On Chasing Nothing, Letting Go of Everything, and Finding Self

Miyah Byrd
9 min readOct 30, 2024
Photo by Thought Catalog on Unsplash

I pace like a ghost around my living room in the dark. The music’s stopped playing. The books don’t hit the same. I’ve watched all the documentaries I can stand. The conversations are draining. The tea’s gone cold. It’s 10:36pm and I should be sleeping, but my mind and my body can’t quite get on the same page these days. Either I’m physically exhausted and mentally wired or physically present but mentally absent. Knew this was coming, but there’s no way to brace for a tsunami when all you’ve got is a small dinghy and a quiet hope.

When I moved three housemates in with me and took over my basement, I joked with friends that I wasn’t going to wear pants for the next two years. But I’ve been fully dressed each day. Dressing nice like I’ve got somewhere to go besides my desk and someone to see besides my bed.

As the bracing chilliness of winter fast approaches, I’ve started wearing my t-shirts and sweatpants. My once-excellent memory is sporting frequent, small holes. Last week, I thought about the pulls I have toward isolating myself. Now, I live in a house with 2.5 more people, yet loneliness is still a frequent companion in some ways.
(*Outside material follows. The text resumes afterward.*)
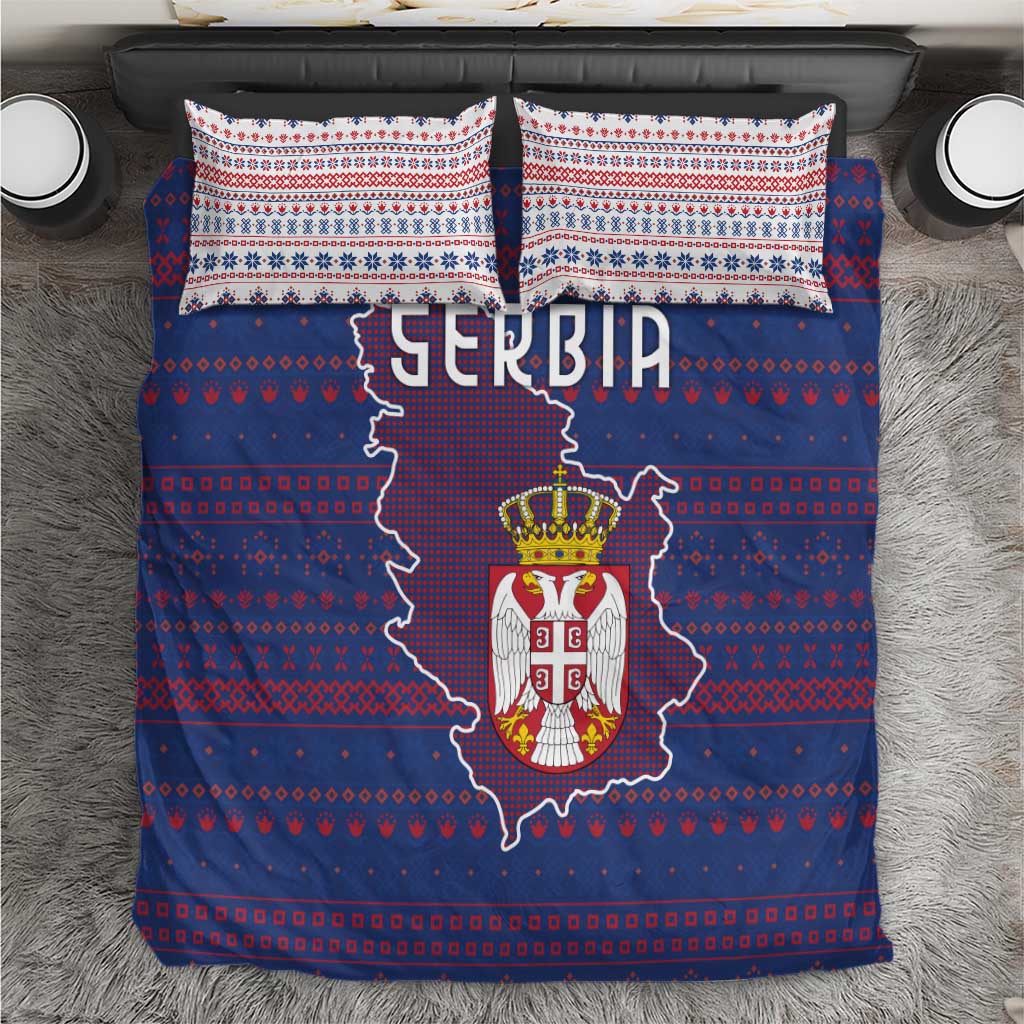Serbia Bedding Set with National Map and Coat of Arms Design in Blue Red Pattern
My cynicism and my idealism can’t seem to get on the same page these days. Either the world’s on fire and I can’t make myself care. Or I care way too much. Either, I’m content for the first time in years. Or I’m convinced I’m going to die in my bed with nobody to notice.

As a kid, whenever adults would ask me “what do you want to be when you grow up?” I would falter at the sudden blindness of my heart. I knew they meant what job do you want to have, but my answers to the question never quite fit right. Like a pair of high heels when I really wanted to be barefoot in a forest. Who knows? Who cares?

As I got older, the vision never got clearer until I realized it was the wrong question. I’m more interested in who I want to be when I’m 80, and careers won’t get me there. Neither will achievements, other people, or legacies.

My friends are sweet with valid points, but most didn’t grow up indoctrinated into the nonsense I was. They think my caution and overthinking is mostly fear…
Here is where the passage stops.